Amish White Bread

  I got this recpie from a little old lady.  The best advice I can give is Knead! Knead! Knead! No such thing as too much kneading! And sift your flour. It seems to make the bread lighter.
   In a large bowl mix: 2 Cups  really warm (not hot) water
                                 2/3 Cup sugar
                 Sprinkle    1 1/2 TBS yeast on top. Stir litghtly to moisten.
                                Let Proof about 10 minutes.
                        Add:  1 1/2 TSP salt ( I prefer Kosher for baking)
                                 1/4 Cup Oil  (Not Olive Oil…it will taste funky)
                         Sift : 2 Cups flour
                                 2 TSP Baking Powder
                                Add to mix
                          Add about 3 more Cups of flour.
                              Knead on floured surface.
                  Knead! Knead! Knead! About 10-15  minutes. It should be elastic and smooth. And will bounce back when you poke four finger in.

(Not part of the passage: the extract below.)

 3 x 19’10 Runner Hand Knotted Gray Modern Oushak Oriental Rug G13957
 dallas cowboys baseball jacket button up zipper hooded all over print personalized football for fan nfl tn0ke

                   Separate into TWO balls. Coat very lightly with oil. ( I just rub some on my hands and then on the ball) Put in bowl and cover with a towel for about 10 minutes.
                     It is RESTING
                    Punch down and form into loaves. Put in greased loaf pans.
                           (you can either ‘form’ or roll with a pin.)
                        Bake 350 degrees 35 minutes.
                    Turn onto baking rack covered with a towel to cool. Butter the top and sides while still hot. This will keep the crust soft like store bought bread.